City Hall: Commissioners get only 13 submissions for executive director's post. They say the salary range is too low.


To the Los Angeles Police Commission's dismay, few candidates have applied to become the civilian panel's executive director, officials said Thursday.

While commissioners predicted that hundreds of candidates would apply, only 13 have, according to a source close to the search. That dearth of applicants may frustrate the commission's attempt to hire a strong administrator to guide the part-time, five-member board and monitor the LAPD.

"It's disappointing," said Commissioner T. Warren Jackson. "There were people we were hopeful would apply but didn't."

The biggest problem, commissioners said, was that the salary range of $90,000 to $113,000 was not high enough to entice many qualified candidates.

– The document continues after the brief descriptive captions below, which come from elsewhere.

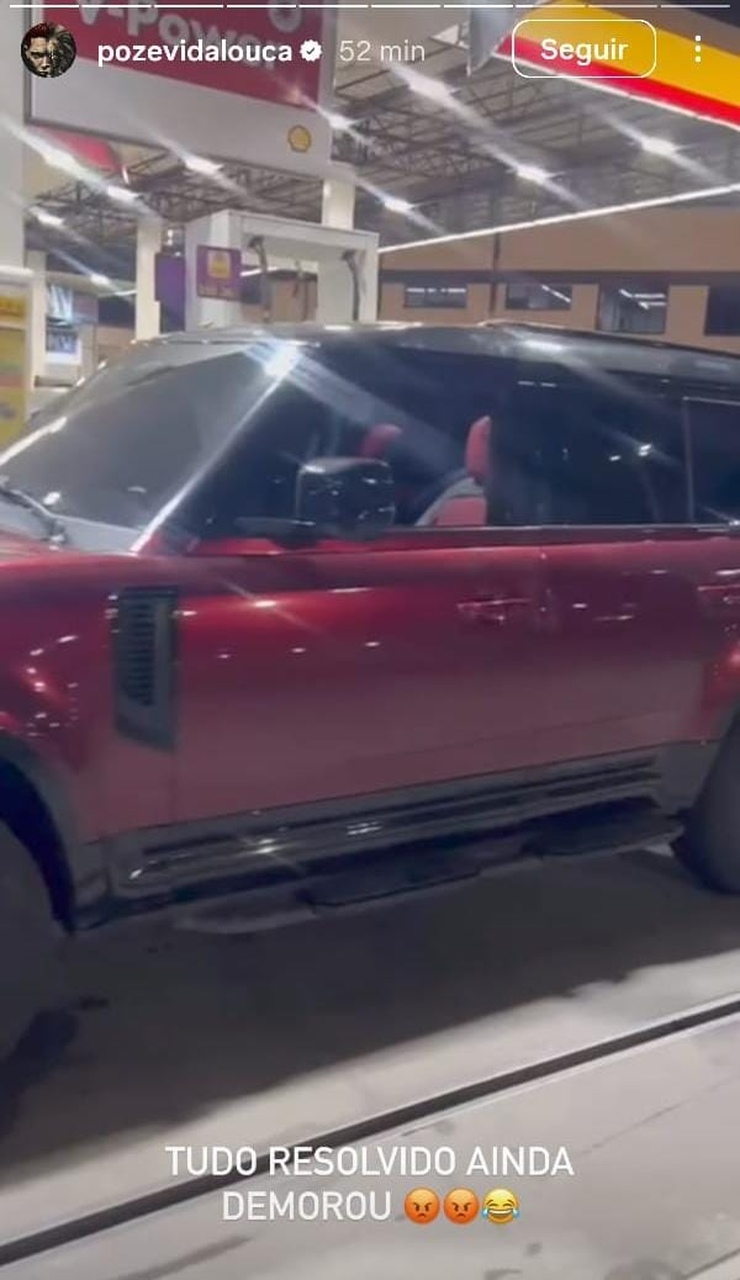 Após relato de roubo da sua Land Rover Defender, Poze do Rodo informa que veículo apareceu: "tudo resolvido"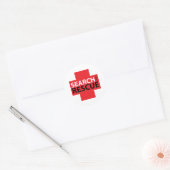 Zoeken en redden ronde sticker (Envelop)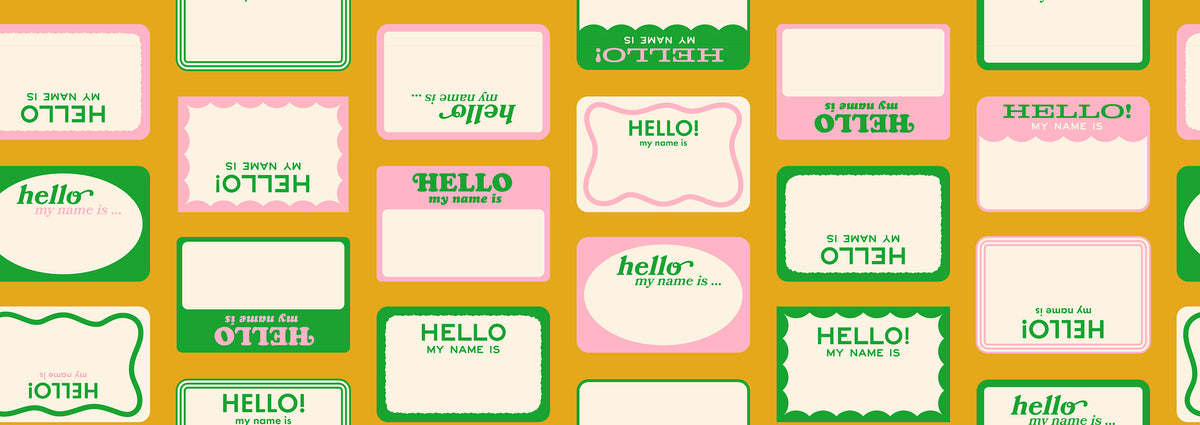 Hello My Name Is - Goldenrod - PREORDER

"We've been advised by the personnel department that candidates opted not to apply because of the salary," said Commissioner Dean Hansell.

The 1991 Christopher Commission report, which proposed police reforms after the beating of Rodney G. King, recommended that the Police Commission seek to strengthen its executive director post, boosting the salary level so the pay is equivalent to that of deputy police chief, which is $136,000 to $151,000.

As envisioned by the Christopher Commission, the executive director would be responsible for managing the board's agendas, identifying and overseeing LAPD policy matters, conducting "spot management audits" and acting as liaison to other city departments.

The commission has twice petitioned the city administrative office unsuccessfully to increase the salary, officials said.

On Thursday, commissioners sent a letter to City Council members urging them to step in and increase the salary so they could attract more candidates.

Councilwoman Laura Chick, chairwoman of the Public Safety Committee, said she would be receptive to increasing the salary if there are good reasons for it.

"This a position that the council cares about," she said. "I'm surprised that we haven't heard from [the commissioners] about this sooner."

William Fujioka, the head of the city's personnel department, said the search could be reopened if the salary is increased. He characterized the response to the job opening, which was closed April 30, as "very poor" but declined to release an official tally of respondents.

Meanwhile, Fujioka said, the selection process will continue with interviews of the candidates who applied.

"I don't mean to trash or denigrate the people who said they'd do the job at the present salary," Jackson said.

Hansell agreed, saying that there already may be some "highly qualified" applicants. "We just assumed that we would have received a larger number of people interested in the job."

Fujioka and commissioners declined to identify any applicants. Sources, however, confirm that Cliff Weiss, the panel's current acting executive director, is seeking the job. Sources also say that Assistant Deputy Mayor Joe Gunn has applied.

Before joining the mayor's administration, Gunn was an officer with the LAPD, retiring at the rank of commander. Last year, Gunn helped Mayor Richard Riordan reach his decision to select Bernard C. Parks as chief.

If Gunn is chosen for the job, it would leave close Riordan loyalists at the top of both the LAPD and the civilian agency charged with overseeing it.

That prospect arouses anxiety among some observers.

"It would be nice to have somebody in that job who doesn't have the baggage, loyalties and ties to [the mayor]," said Donald W. Cook, co-chairman of Police Watch--a community watchdog organization.

Carol Watson, another member of the group, said that having Gunn in that position "seems a little incestuous."

On the other hand, Gunn's supporters say that his knowledge of the LAPD would help him evaluate the actions of Parks and other LAPD managers.

Gunn could not be reached for comment. Weiss declined to discuss his interest in the position.